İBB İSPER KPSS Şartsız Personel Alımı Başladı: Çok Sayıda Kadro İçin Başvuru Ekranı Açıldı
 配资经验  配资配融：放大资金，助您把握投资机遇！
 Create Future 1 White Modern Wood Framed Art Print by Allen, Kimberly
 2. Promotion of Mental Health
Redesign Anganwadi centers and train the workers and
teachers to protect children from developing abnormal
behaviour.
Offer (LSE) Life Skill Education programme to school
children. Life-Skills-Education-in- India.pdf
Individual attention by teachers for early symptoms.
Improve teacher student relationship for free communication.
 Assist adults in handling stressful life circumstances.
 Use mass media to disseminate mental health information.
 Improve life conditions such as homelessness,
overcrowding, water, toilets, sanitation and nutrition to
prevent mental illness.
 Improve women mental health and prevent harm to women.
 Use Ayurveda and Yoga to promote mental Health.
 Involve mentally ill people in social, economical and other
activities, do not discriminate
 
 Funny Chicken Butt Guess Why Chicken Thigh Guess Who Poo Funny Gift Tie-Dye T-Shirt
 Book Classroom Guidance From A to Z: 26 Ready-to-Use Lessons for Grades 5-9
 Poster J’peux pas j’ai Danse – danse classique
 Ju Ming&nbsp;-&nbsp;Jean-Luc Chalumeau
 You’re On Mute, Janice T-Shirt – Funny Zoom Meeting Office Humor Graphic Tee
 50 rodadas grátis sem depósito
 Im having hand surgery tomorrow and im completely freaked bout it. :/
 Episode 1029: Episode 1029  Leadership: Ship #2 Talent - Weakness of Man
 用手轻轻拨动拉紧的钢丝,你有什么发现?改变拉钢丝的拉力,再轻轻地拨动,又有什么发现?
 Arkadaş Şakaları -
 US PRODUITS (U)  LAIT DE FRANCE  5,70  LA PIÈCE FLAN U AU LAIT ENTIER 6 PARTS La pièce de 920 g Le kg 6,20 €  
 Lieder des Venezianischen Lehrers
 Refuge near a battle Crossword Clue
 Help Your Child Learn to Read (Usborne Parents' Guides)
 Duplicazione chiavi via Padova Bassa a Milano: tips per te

**Problem statement**
When a line of the records includes "Improve", that line belongs in the answer.

**Written answer**
Improve teacher student relationship for free communication.
 Improve life conditions such as homelessness,
 Improve women mental health and prevent harm to women.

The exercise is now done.